Source records
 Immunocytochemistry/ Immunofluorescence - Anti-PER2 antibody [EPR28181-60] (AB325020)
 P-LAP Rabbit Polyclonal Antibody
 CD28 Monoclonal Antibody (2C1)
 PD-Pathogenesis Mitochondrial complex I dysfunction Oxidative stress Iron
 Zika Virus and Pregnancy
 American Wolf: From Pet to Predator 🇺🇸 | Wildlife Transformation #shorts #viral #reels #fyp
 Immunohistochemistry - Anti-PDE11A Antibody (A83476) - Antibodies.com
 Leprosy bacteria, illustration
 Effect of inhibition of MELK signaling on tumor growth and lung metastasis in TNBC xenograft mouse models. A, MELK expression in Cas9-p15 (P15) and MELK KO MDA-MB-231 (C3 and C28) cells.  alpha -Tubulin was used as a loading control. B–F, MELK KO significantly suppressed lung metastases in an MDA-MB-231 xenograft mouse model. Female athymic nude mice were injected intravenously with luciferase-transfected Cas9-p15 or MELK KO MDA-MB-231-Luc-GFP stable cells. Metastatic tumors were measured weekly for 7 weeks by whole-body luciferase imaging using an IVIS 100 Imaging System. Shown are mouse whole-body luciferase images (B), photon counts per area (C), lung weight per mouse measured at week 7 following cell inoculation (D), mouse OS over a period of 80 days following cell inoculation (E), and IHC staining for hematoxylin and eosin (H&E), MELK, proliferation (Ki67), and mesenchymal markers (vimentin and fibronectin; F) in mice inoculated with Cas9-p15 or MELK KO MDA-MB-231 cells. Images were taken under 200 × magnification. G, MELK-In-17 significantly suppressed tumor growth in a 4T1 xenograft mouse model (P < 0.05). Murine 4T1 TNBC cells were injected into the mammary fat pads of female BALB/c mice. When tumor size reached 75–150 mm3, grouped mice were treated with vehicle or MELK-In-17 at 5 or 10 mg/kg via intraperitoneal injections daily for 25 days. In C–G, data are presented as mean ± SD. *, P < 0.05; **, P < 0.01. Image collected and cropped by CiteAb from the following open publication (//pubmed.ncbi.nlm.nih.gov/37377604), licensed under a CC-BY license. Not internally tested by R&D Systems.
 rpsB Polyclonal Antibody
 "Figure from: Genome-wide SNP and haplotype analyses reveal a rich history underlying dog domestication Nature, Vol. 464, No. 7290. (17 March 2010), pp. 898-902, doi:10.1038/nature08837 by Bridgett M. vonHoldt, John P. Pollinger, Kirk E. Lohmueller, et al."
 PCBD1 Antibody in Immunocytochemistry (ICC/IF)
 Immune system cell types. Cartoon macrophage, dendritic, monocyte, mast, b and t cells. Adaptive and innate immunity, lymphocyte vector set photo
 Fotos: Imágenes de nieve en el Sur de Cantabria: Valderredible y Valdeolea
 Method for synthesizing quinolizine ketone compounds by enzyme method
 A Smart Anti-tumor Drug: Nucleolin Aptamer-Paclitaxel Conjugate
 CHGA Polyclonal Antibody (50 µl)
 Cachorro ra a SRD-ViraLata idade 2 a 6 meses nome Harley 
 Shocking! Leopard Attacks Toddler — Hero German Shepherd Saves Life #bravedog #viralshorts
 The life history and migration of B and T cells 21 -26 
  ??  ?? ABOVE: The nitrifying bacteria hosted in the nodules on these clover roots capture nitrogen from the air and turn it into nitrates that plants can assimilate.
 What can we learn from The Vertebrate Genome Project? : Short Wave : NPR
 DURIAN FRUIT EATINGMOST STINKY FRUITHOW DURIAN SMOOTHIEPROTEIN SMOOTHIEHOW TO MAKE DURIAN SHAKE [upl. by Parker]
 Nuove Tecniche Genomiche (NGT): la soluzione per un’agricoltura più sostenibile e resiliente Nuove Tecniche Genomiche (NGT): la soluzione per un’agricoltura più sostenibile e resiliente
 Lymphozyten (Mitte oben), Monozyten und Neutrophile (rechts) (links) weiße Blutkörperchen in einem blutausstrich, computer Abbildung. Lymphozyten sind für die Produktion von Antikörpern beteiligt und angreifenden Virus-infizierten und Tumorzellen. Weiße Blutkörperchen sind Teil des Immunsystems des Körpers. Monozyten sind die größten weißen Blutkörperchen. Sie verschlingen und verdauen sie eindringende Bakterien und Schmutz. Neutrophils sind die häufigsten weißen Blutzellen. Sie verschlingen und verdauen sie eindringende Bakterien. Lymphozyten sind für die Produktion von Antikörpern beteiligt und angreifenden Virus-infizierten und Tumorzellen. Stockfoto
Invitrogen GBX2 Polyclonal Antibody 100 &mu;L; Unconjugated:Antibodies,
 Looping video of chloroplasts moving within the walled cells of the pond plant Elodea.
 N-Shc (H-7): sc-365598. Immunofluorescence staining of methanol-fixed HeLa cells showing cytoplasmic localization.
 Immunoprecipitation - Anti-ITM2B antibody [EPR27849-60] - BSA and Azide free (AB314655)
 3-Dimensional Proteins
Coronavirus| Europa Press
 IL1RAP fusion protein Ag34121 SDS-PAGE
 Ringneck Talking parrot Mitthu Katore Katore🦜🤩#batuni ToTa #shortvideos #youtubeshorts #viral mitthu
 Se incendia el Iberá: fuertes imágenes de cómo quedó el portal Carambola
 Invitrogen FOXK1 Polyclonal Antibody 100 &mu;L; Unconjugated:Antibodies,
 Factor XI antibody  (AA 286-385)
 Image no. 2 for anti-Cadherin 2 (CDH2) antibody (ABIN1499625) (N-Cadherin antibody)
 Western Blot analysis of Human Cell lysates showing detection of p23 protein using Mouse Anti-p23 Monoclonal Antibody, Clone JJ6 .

■ EXERCISE INSTRUCTIONS ■
Could you write out the full data verbatim?

■ WRITTEN ANSWER ■
 Immunocytochemistry/ Immunofluorescence - Anti-PER2 antibody [EPR28181-60] (AB325020)
 P-LAP Rabbit Polyclonal Antibody
 CD28 Monoclonal Antibody (2C1)
 PD-Pathogenesis Mitochondrial complex I dysfunction Oxidative stress Iron
 Zika Virus and Pregnancy
 American Wolf: From Pet to Predator 🇺🇸 | Wildlife Transformation #shorts #viral #reels #fyp
 Immunohistochemistry - Anti-PDE11A Antibody (A83476) - Antibodies.com
 Leprosy bacteria, illustration
 Effect of inhibition of MELK signaling on tumor growth and lung metastasis in TNBC xenograft mouse models. A, MELK expression in Cas9-p15 (P15) and MELK KO MDA-MB-231 (C3 and C28) cells.  alpha -Tubulin was used as a loading control. B–F, MELK KO significantly suppressed lung metastases in an MDA-MB-231 xenograft mouse model. Female athymic nude mice were injected intravenously with luciferase-transfected Cas9-p15 or MELK KO MDA-MB-231-Luc-GFP stable cells. Metastatic tumors were measured weekly for 7 weeks by whole-body luciferase imaging using an IVIS 100 Imaging System. Shown are mouse whole-body luciferase images (B), photon counts per area (C), lung weight per mouse measured at week 7 following cell inoculation (D), mouse OS over a period of 80 days following cell inoculation (E), and IHC staining for hematoxylin and eosin (H&E), MELK, proliferation (Ki67), and mesenchymal markers (vimentin and fibronectin; F) in mice inoculated with Cas9-p15 or MELK KO MDA-MB-231 cells. Images were taken under 200 × magnification. G, MELK-In-17 significantly suppressed tumor growth in a 4T1 xenograft mouse model (P < 0.05). Murine 4T1 TNBC cells were injected into the mammary fat pads of female BALB/c mice. When tumor size reached 75–150 mm3, grouped mice were treated with vehicle or MELK-In-17 at 5 or 10 mg/kg via intraperitoneal injections daily for 25 days. In C–G, data are presented as mean ± SD. *, P < 0.05; **, P < 0.01. Image collected and cropped by CiteAb from the following open publication (//pubmed.ncbi.nlm.nih.gov/37377604), licensed under a CC-BY license. Not internally tested by R&D Systems.
 rpsB Polyclonal Antibody
 "Figure from: Genome-wide SNP and haplotype analyses reveal a rich history underlying dog domestication Nature, Vol. 464, No. 7290. (17 March 2010), pp. 898-902, doi:10.1038/nature08837 by Bridgett M. vonHoldt, John P. Pollinger, Kirk E. Lohmueller, et al."
 PCBD1 Antibody in Immunocytochemistry (ICC/IF)
 Immune system cell types. Cartoon macrophage, dendritic, monocyte, mast, b and t cells. Adaptive and innate immunity, lymphocyte vector set photo
 Fotos: Imágenes de nieve en el Sur de Cantabria: Valderredible y Valdeolea
 Method for synthesizing quinolizine ketone compounds by enzyme method
 A Smart Anti-tumor Drug: Nucleolin Aptamer-Paclitaxel Conjugate
 CHGA Polyclonal Antibody (50 µl)
 Cachorro ra a SRD-ViraLata idade 2 a 6 meses nome Harley 
 Shocking! Leopard Attacks Toddler — Hero German Shepherd Saves Life #bravedog #viralshorts
 The life history and migration of B and T cells 21 -26 
  ??  ?? ABOVE: The nitrifying bacteria hosted in the nodules on these clover roots capture nitrogen from the air and turn it into nitrates that plants can assimilate.
 What can we learn from The Vertebrate Genome Project? : Short Wave : NPR
 DURIAN FRUIT EATINGMOST STINKY FRUITHOW DURIAN SMOOTHIEPROTEIN SMOOTHIEHOW TO MAKE DURIAN SHAKE [upl. by Parker]
 Nuove Tecniche Genomiche (NGT): la soluzione per un’agricoltura più sostenibile e resiliente Nuove Tecniche Genomiche (NGT): la soluzione per un’agricoltura più sostenibile e resiliente
 Lymphozyten (Mitte oben), Monozyten und Neutrophile (rechts) (links) weiße Blutkörperchen in einem blutausstrich, computer Abbildung. Lymphozyten sind für die Produktion von Antikörpern beteiligt und angreifenden Virus-infizierten und Tumorzellen. Weiße Blutkörperchen sind Teil des Immunsystems des Körpers. Monozyten sind die größten weißen Blutkörperchen. Sie verschlingen und verdauen sie eindringende Bakterien und Schmutz. Neutrophils sind die häufigsten weißen Blutzellen. Sie verschlingen und verdauen sie eindringende Bakterien. Lymphozyten sind für die Produktion von Antikörpern beteiligt und angreifenden Virus-infizierten und Tumorzellen. Stockfoto
Invitrogen GBX2 Polyclonal Antibody 100 &mu;L; Unconjugated:Antibodies,
 Looping video of chloroplasts moving within the walled cells of the pond plant Elodea.
 N-Shc (H-7): sc-365598. Immunofluorescence staining of methanol-fixed HeLa cells showing cytoplasmic localization.
 Immunoprecipitation - Anti-ITM2B antibody [EPR27849-60] - BSA and Azide free (AB314655)
 3-Dimensional Proteins
Coronavirus| Europa Press
 IL1RAP fusion protein Ag34121 SDS-PAGE
 Ringneck Talking parrot Mitthu Katore Katore🦜🤩#batuni ToTa #shortvideos #youtubeshorts #viral mitthu
 Se incendia el Iberá: fuertes imágenes de cómo quedó el portal Carambola
 Invitrogen FOXK1 Polyclonal Antibody 100 &mu;L; Unconjugated:Antibodies,
 Factor XI antibody  (AA 286-385)
 Image no. 2 for anti-Cadherin 2 (CDH2) antibody (ABIN1499625) (N-Cadherin antibody)
 Western Blot analysis of Human Cell lysates showing detection of p23 protein using Mouse Anti-p23 Monoclonal Antibody, Clone JJ6 .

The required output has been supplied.